The rotational coupling mechanism may be a transmission system. The coupling mechanism may transmit a rotational movement of the receiving system to the base. The coupling mechanism may further provide a rotational movement with a base rotation frequency to the base, based on a receiving element rotation frequency of the receiving element. In embodiments, the base rotation frequency and the receiving element frequency are the same. Especially, the base rotation frequency (provided by the coupling mechanism to the base) differs from the receiving element rotation frequency. The base rotation frequency may be larger than the receiving element rotation frequency. In embodiments, (also) the direction of the rotational movement of the base and the direction of the rotational movement of the receiving element are not the same.


Hence, in an embodiment the rotational coupling mechanism is configured to provide a rotational movement of the base in an opposite direction to a rotational movement of the receiving element.

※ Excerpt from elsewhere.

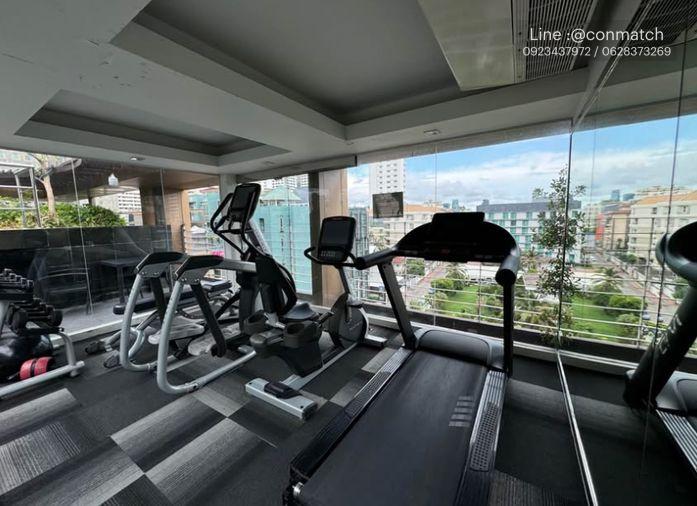 รูป 1 ห้องนอน | 1 ห้องน้ำ | BTS Nana | 32 ตร.ม. | 23,000 บาท/เดือน | ชั้น 5 — Focus Ploenchit กรุงเทพฯ - รูปที่ 2/2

The coupling mechanism may comprise a gear system to transmit the rotational movement of the receiving element to the base. Especially, the receiving element comprises (or is rigidly connected) to a first gear. In a further embodiment, the base comprises (or is rigidly connected to) a second gear. The first and the second gear may be functionally coupled, especially the first and the second gear may comprise teeth and mutually mesh (during rotation). The first and the second gear may also be part of a gear train comprising (or defined by) more than two gears, especially (together) configured to all work in sequence.


Hence, in an embodiment, the rotational coupling mechanism comprises a first gear and a second gear, wherein the receiving element comprises the first gear and wherein the base comprises the second gear, and wherein the first gear and the second gear are rotationally coupled, optionally via one or more further gears, especially wherein the rotational coupling mechanism is configured to provide a base rotation frequency to the base based on a receiving element rotation frequency of the receiving element during rotation of the receiving element.

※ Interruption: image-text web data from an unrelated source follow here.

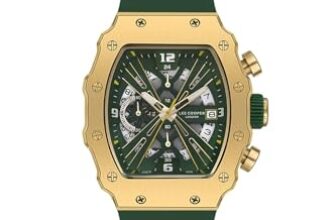 Lee Cooper Analog Green Dial Men’S Watch-Lc08062.177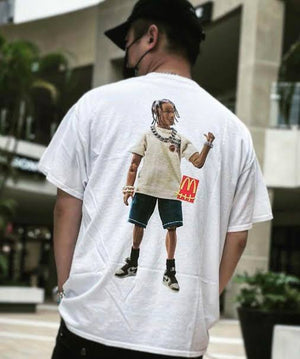 Travis Scott x Mcdonalds T - Tha Plug ZA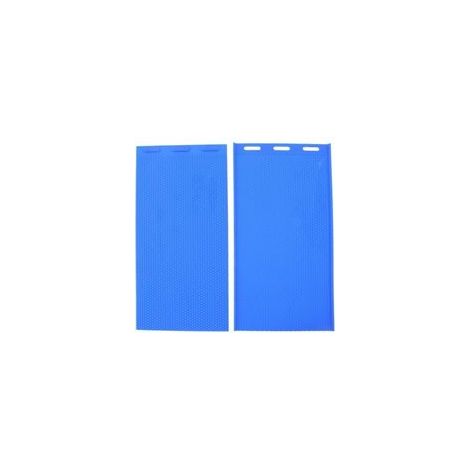 Moule en silicone souple pour cire d’abeille – Kit de 2 pièces pour estampage de cadres apicoles, outil artisanal idéal pour apiculteurs et créateurs (1/5)
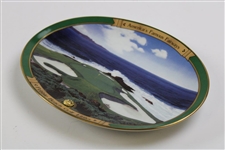 1995 Pebble Beach Golf Links Ltd Ed 'The 7th at Pebble Beach' America's Famous Fairways Plate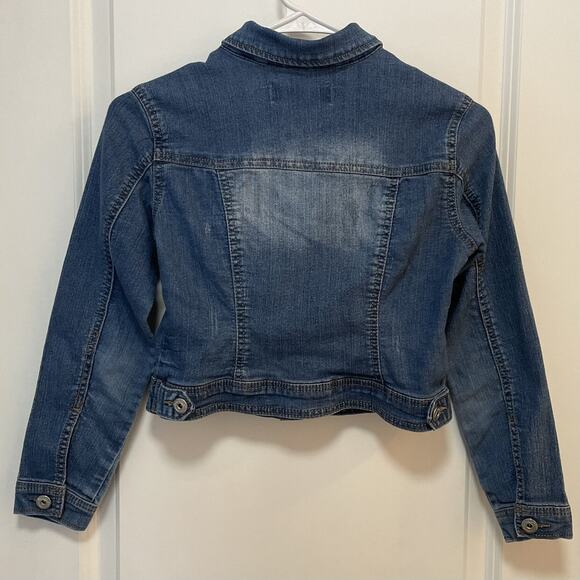 Freestyle Revolution Girls Lightweight Jean Jacket Size XL - Picture 2 of 10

Hence, the term “rotationally coupling” and the like, such as in the phrase a rotationally coupling mechanism for rotationally counting of the base with the receiving element especially refers to a mechanism wherein a rotation of a first element (such as the receiving element) causes a rotation of a further element (such as the base) and/or vice versa. The gear train may be configured to provide a rotation speed (rotation frequency) and/or a rotational direction to the base that differs from the rotation speed (rotation frequency) and/or direction of the receiving element. In embodiments, the first gear, the second gear, and the optional one or more further gears are configured to provide a ratio of the base rotation frequency to the receiving element rotation frequency selected from the range a 0.2-5, during rotation of the receiving element.


The rotational coupling mechanism is further configured to allow an oscillation movement of parts of the rotational coupling mechanism relative to each other. For instance, the gears may keep functioning when they translate relative to each other in a direction of the axis of rotation (during oscillation of the base).


The device of the invention may comprise different degrees of freedom in the configuration of the device for providing the frequency of oscillation. The frequency of oscillation may be dependent on the number of first and/or second permanent magnets. The frequency of oscillation may further be dependent on the rotation frequency and rotation direction of the base in relation to the rotation frequency and the rotation direction of the receiving element.


In an embodiment, the oscillation generator is configured to provide a ratio of a frequency of the oscillation movement (of the base) to a rotation frequency of the receiving element selected from the range of 1-250, especially in the range of 4-96, such as in the range of 5-50 (during rotation of the receiving element). In a further embodiment, said ratio is selected from the range of 0.1-1, especially 0.3-1.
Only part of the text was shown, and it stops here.